Sometimes, anger is justified, righteous and empowering. When this is the case, we rightly condemn the wrong action or the evil without judging the person who chose it. This is a very difficult discipline.
As I thought about this, I thought about my Mum and the fact that she helped a ton of people and was someone that my brother says, “is the most evil person he has ever met.” Since she sexually abused me, it is hard to deny her this title, but something in me needs to if I am to stay sane.
Dwight Friesen was my advisor at The Seattle School. His office was filled with “&’s.” Over my three years inhabiting that holy space, I learned the power of holding the “and.” Mum was both completely evil and a saint. I had to learn to hold both truths about her. The question was could I hate her evil — her actions that broke me and my brother (including but not limited to her sexual abuse of me) — with the fury of all that is holy; and still hold her as my mother who was herself broken and worthy of love?
So, "holy anger," is anger that is directed at the evil that is done, and not at the persons who do it. It separates the evil act from the person who acts. This is so hard to do! It is far easier to hate the person who does the act than to focus our hatred on the action and the evil that leads the person to take the action.
Anger directed at evil changes the world. It led William Wilberforce to dismantle slavery throughout the English Empire in the 19th Century 40 years before the American Civil War. It led amazing women to lead the Women’s suffrage movement in this country. It led Martin Luther King Jr to lead the Civil Rights movement, and Gandhi to begin dismantling the caste system in India. The hatred of evil is an amazing motivator for change in our world.
This is true in part because Holy wrath is always organically connected to love. We “hate” that which destroys personhood and mars the image of God in people. But can you see how close that is to hating people for doing evil? It is a fine line and it takes a lot of hard emotional work to hold it.

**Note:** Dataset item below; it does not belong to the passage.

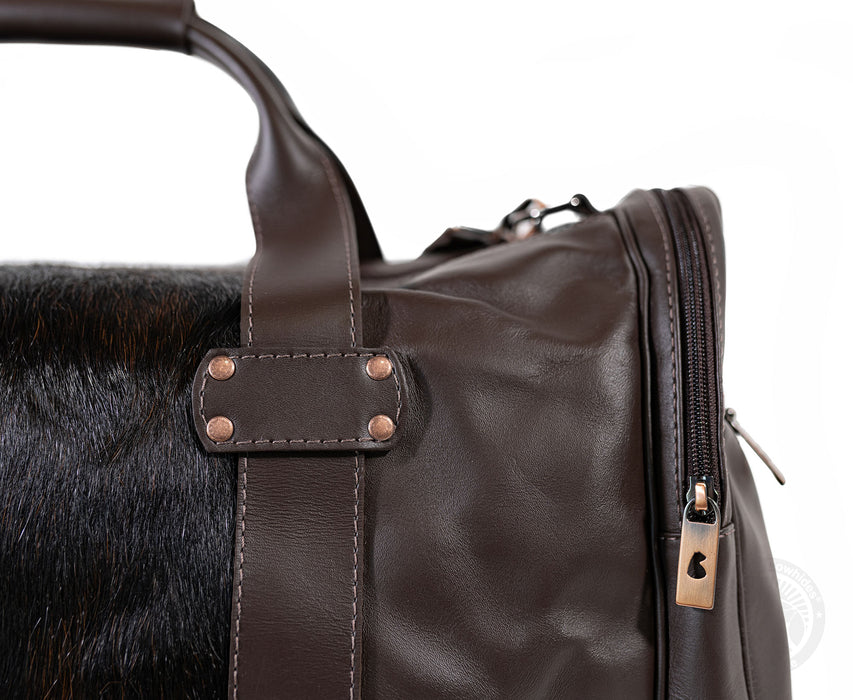 Brown Leather Duffle Bag – Black Cowhide Accents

But, it is worth it because malingering anger at others eats away at the foundation of our souls and though it is rooted in the past, haunts us in our present lives and relationships.
So How Do We Get There???
There are 3 prerequisites for holy, world-altering anger:
- Grief
- Forgiveness
- Proper Boundaries
Grief is mourning what is lost. Someone rightly said it is the removal of the opportunity for us to love. We grieve when we have lost something or someone that/who gave us hope for a better tomorrow, for connection, for understanding, delight, or beauty.
Grief
Many people have addressed the stages of grief: denial and isolation, Anger, Bargaining, Depression, and Acceptance. Others have outlined how we don’t simply step through each step in an orderly fashion, we bounce from stage to stage, and then back again.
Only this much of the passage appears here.